## What you need to do:
The answer should be a faithful retyping of the records that follow, pictures excluded.

[Entries provided]

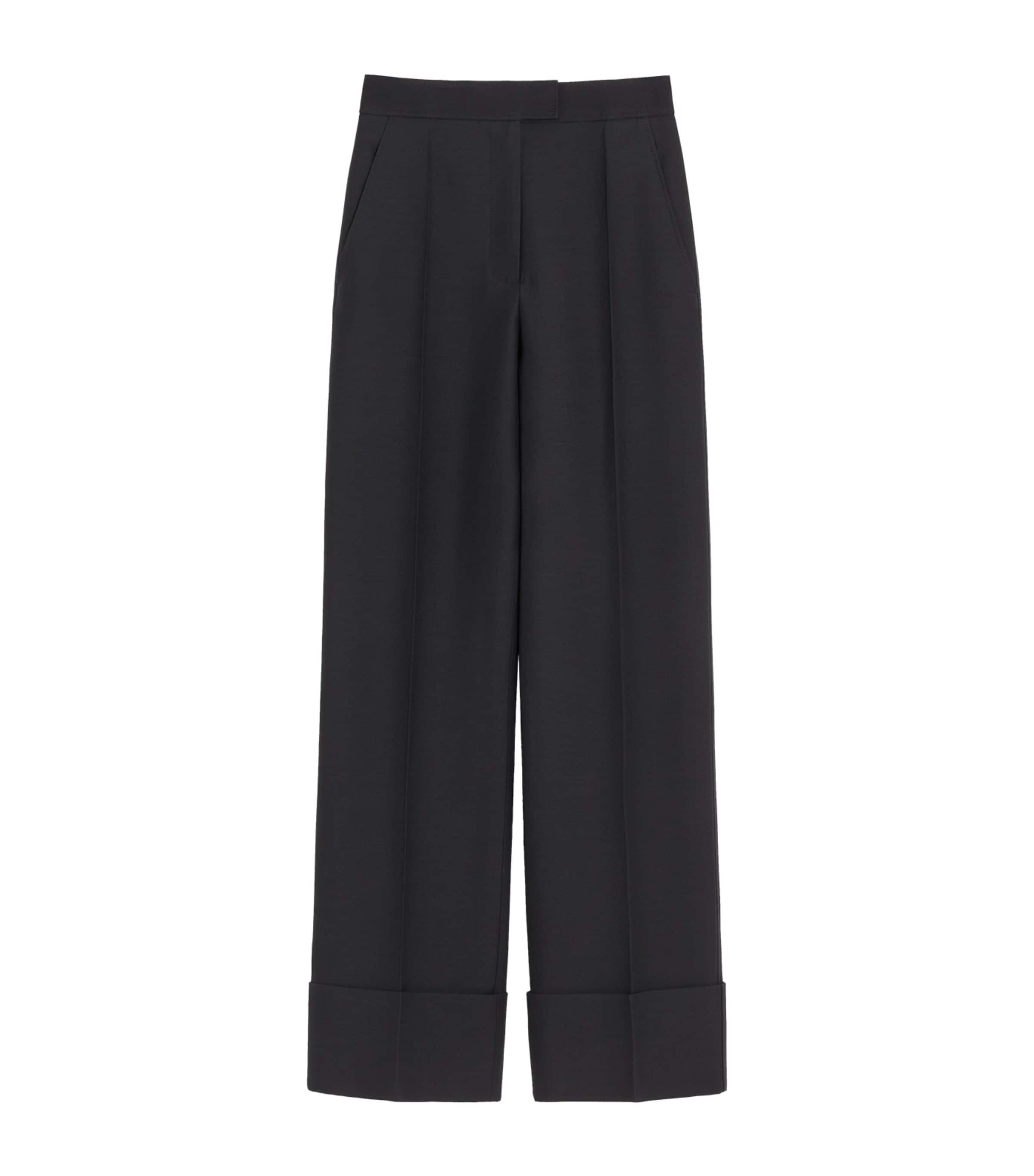 Virgin Wool-Silk Trousers
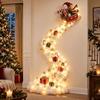 Wandmontierte Weihnachtsmagie-Pfad-Wandleuchte Schneepfad-Form Weihnachtsthema-Stil Beleuchtete Wanddekoration Warmweiße Lichter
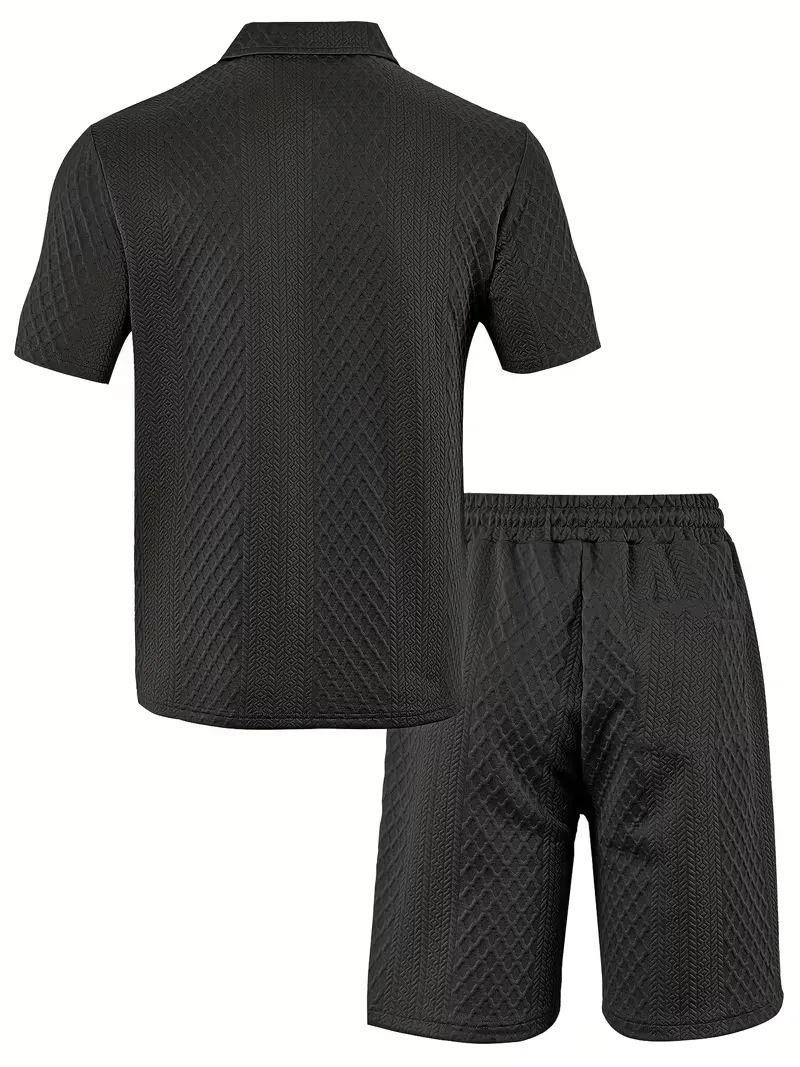 Zomer kledingset met polo en shorts - Image 2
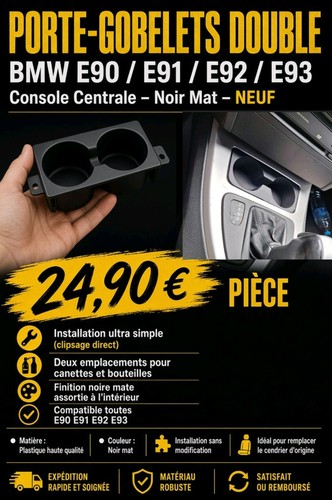 Porte gobelets bmw e90 - , e91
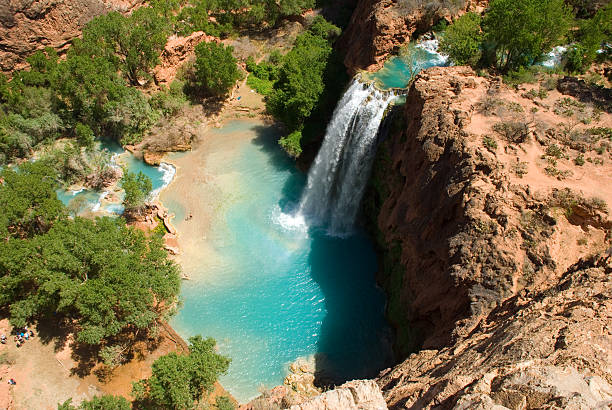 Havasu Falls on Havasupai tribal lands in the Grand Canyon, Arizona.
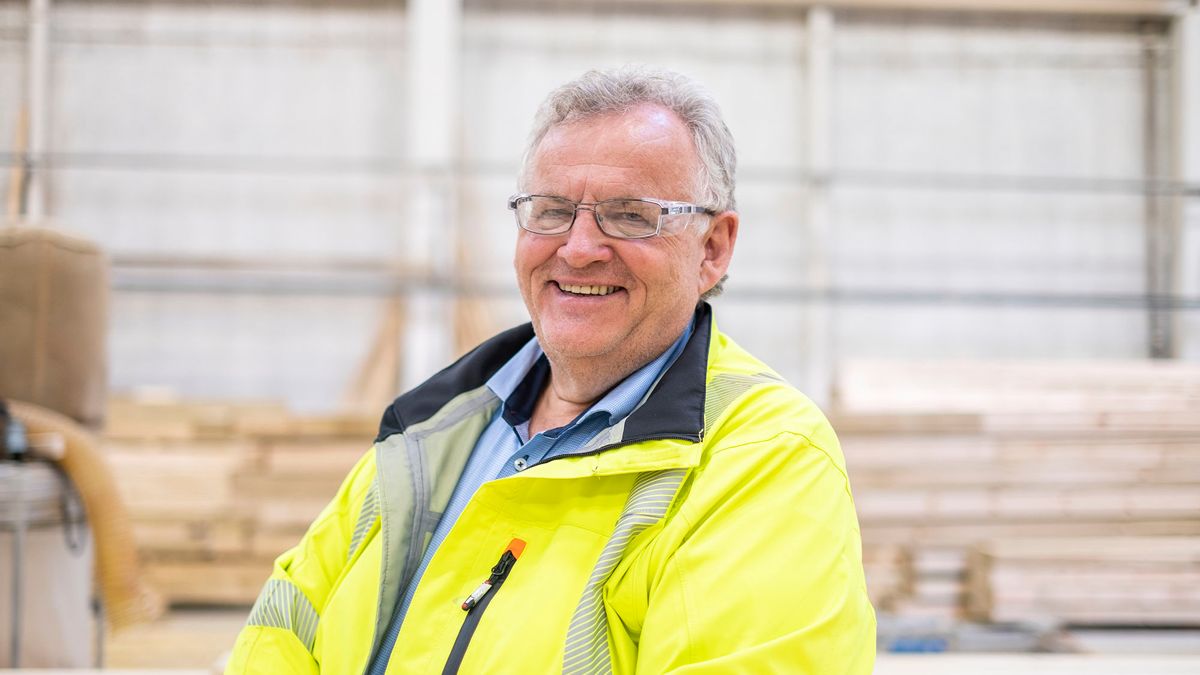 Konsernsjef Morten Kristiansen i Moelven Industrier ASA.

[/Entries provided]

## Output of the exercise:
 Virgin Wool-Silk Trousers
 Wandmontierte Weihnachtsmagie-Pfad-Wandleuchte Schneepfad-Form Weihnachtsthema-Stil Beleuchtete Wanddekoration Warmweiße Lichter
 Zomer kledingset met polo en shorts - Image 2
 Porte gobelets bmw e90 - , e91
 Havasu Falls on Havasupai tribal lands in the Grand Canyon, Arizona.
 Konsernsjef Morten Kristiansen i Moelven Industrier ASA.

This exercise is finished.